Required work:
Every line of the listing belongs in your answer exactly as written; the images do not.

Data to examine:
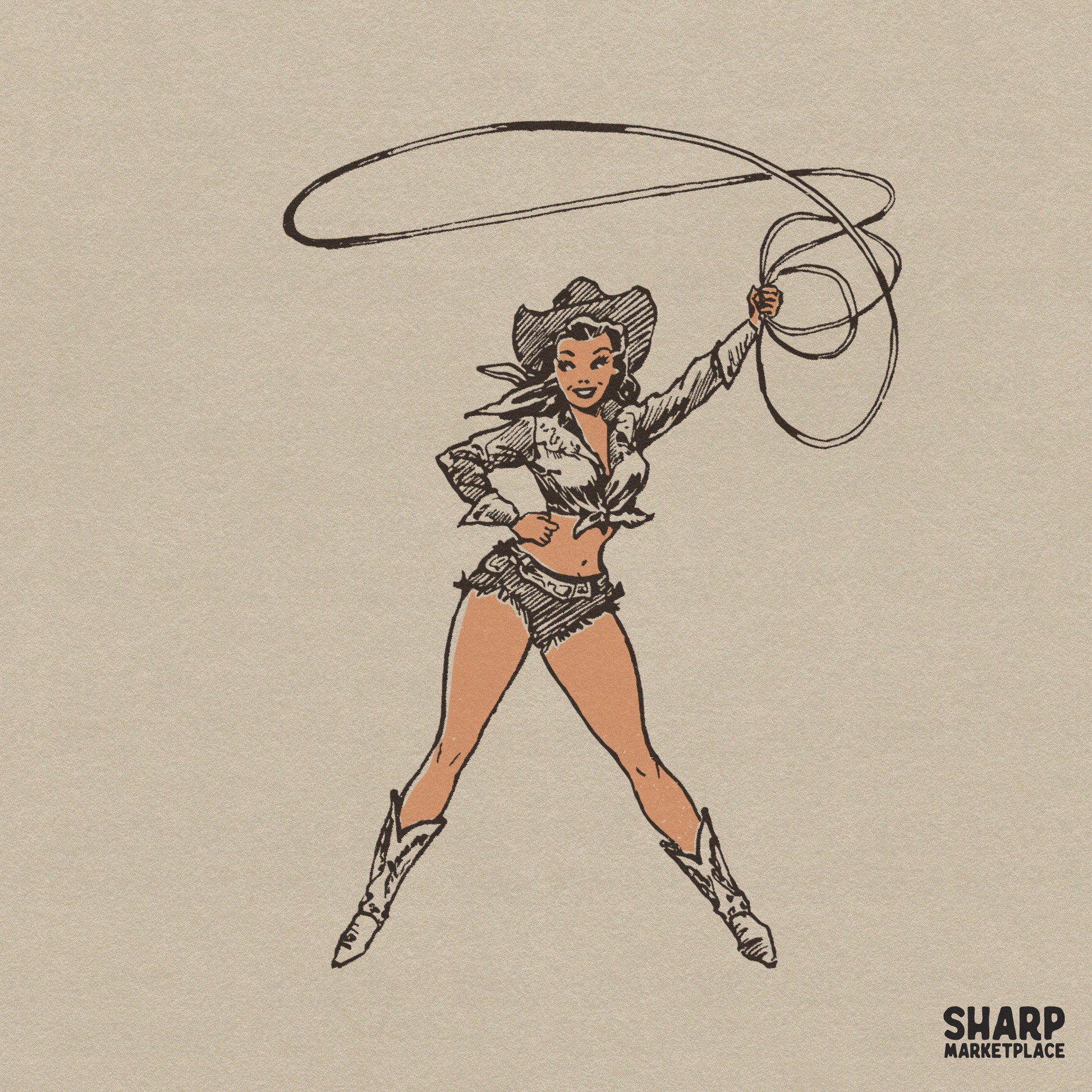 Vintage cowgirl pinup swinging a lasso retro western sublimation design for trendy Y2K country music graphic tees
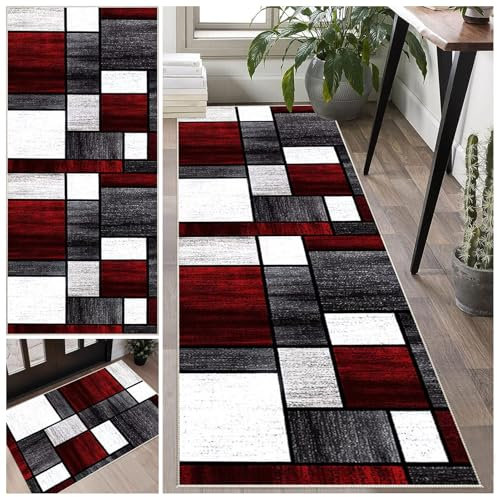 Laegnfho Teppich Läufer Flur rutschfest Langer, Waschbar Kurzflor Küchenläufer, Korridor Läufer Teppich Eingangsbereich Innen 40 x 60 cm für Flur, Schlafzimmer, Küche, Eingang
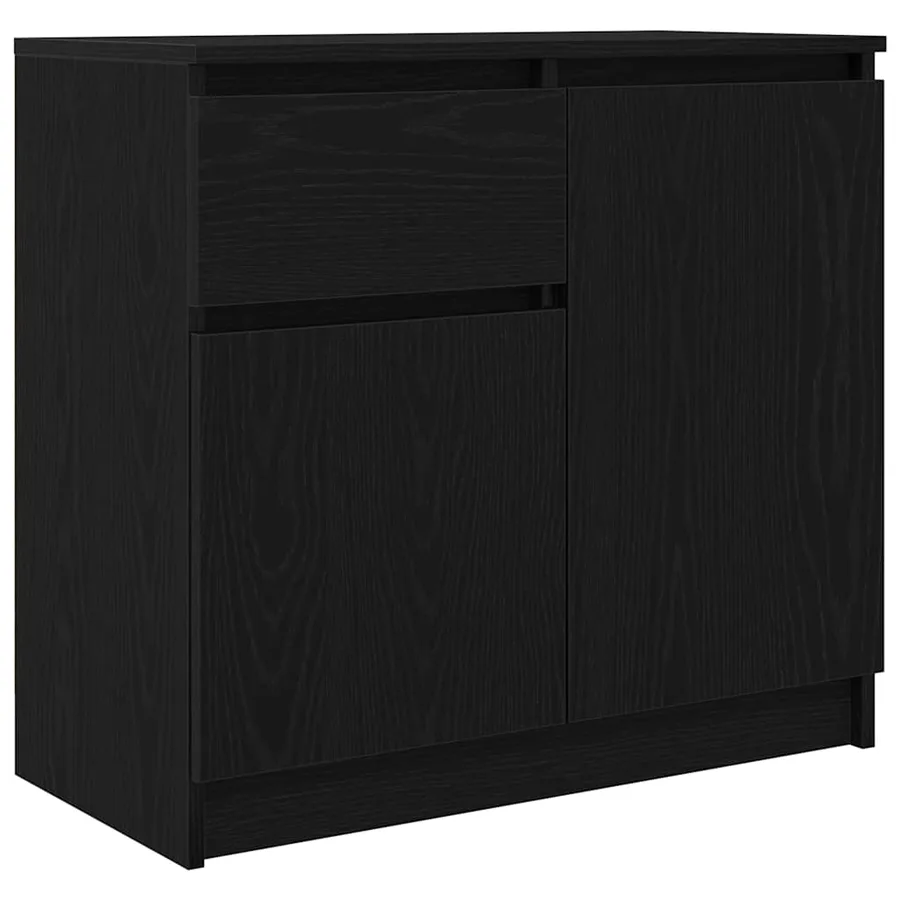 Buffet avec tiroir chêne noir 71x35x65 cm bois d'ingénierie - 2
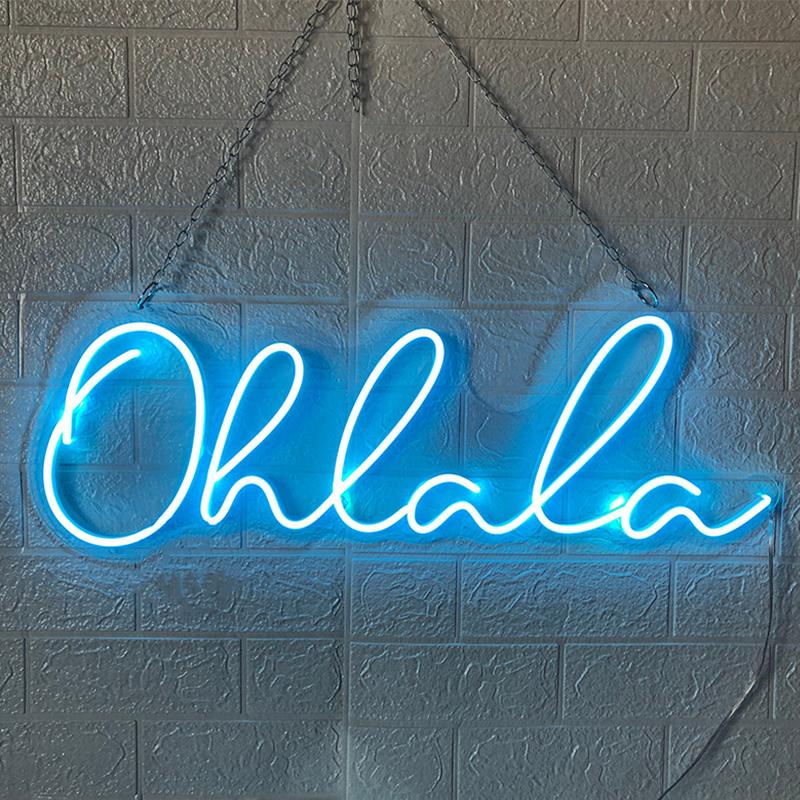 Неоновая настенная лампа Oh La La Neon Wall Lamp Синий Прозрачный Синий в Нижнем Новгороде | Loft Concept 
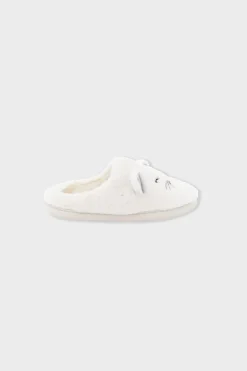 ETAM Zapatillas|Zapatillas con motivos de gatos de tejido ultrasuave CRUDO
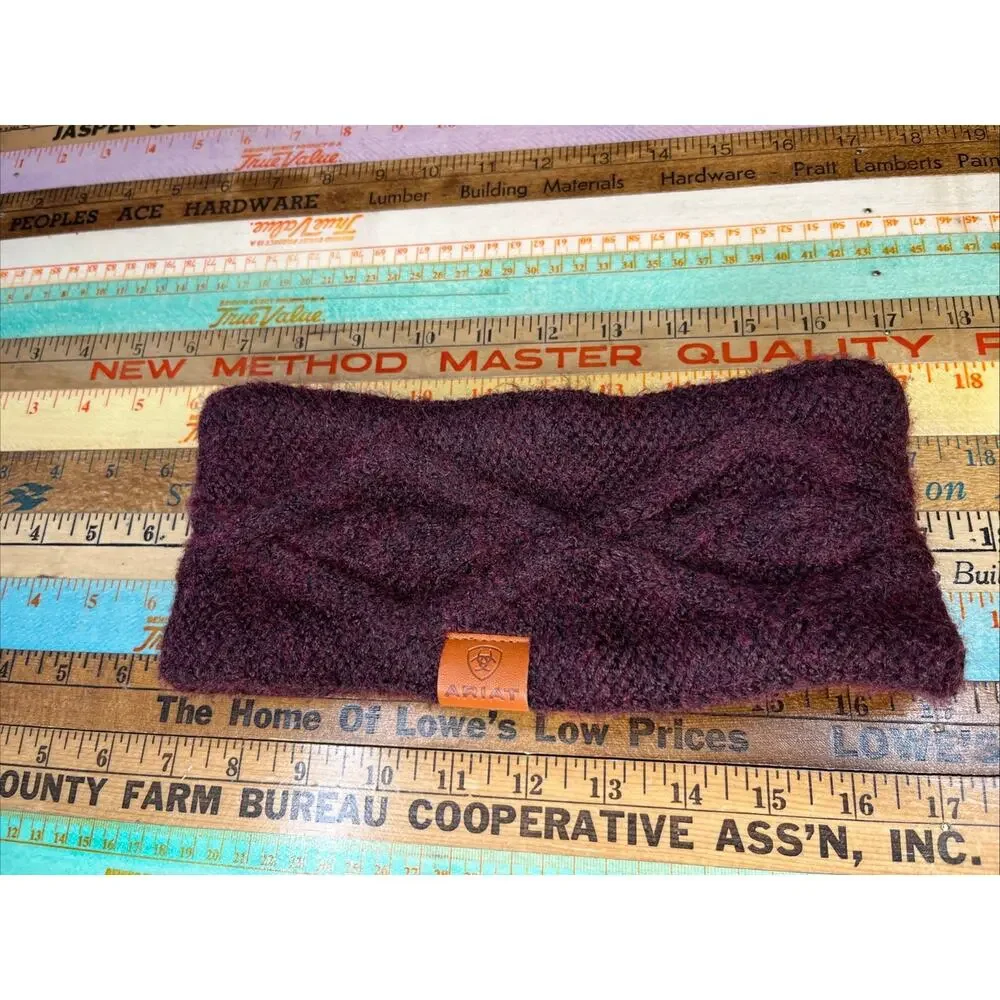 Ariat Burgundy Headband Ear Warmer Cable Knit Sherpa Fleece Lined OS Womens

Reply:
 Vintage cowgirl pinup swinging a lasso retro western sublimation design for trendy Y2K country music graphic tees
 Laegnfho Teppich Läufer Flur rutschfest Langer, Waschbar Kurzflor Küchenläufer, Korridor Läufer Teppich Eingangsbereich Innen 40 x 60 cm für Flur, Schlafzimmer, Küche, Eingang
 Buffet avec tiroir chêne noir 71x35x65 cm bois d'ingénierie - 2
 Неоновая настенная лампа Oh La La Neon Wall Lamp Синий Прозрачный Синий в Нижнем Новгороде | Loft Concept 
 ETAM Zapatillas|Zapatillas con motivos de gatos de tejido ultrasuave CRUDO
 Ariat Burgundy Headband Ear Warmer Cable Knit Sherpa Fleece Lined OS Womens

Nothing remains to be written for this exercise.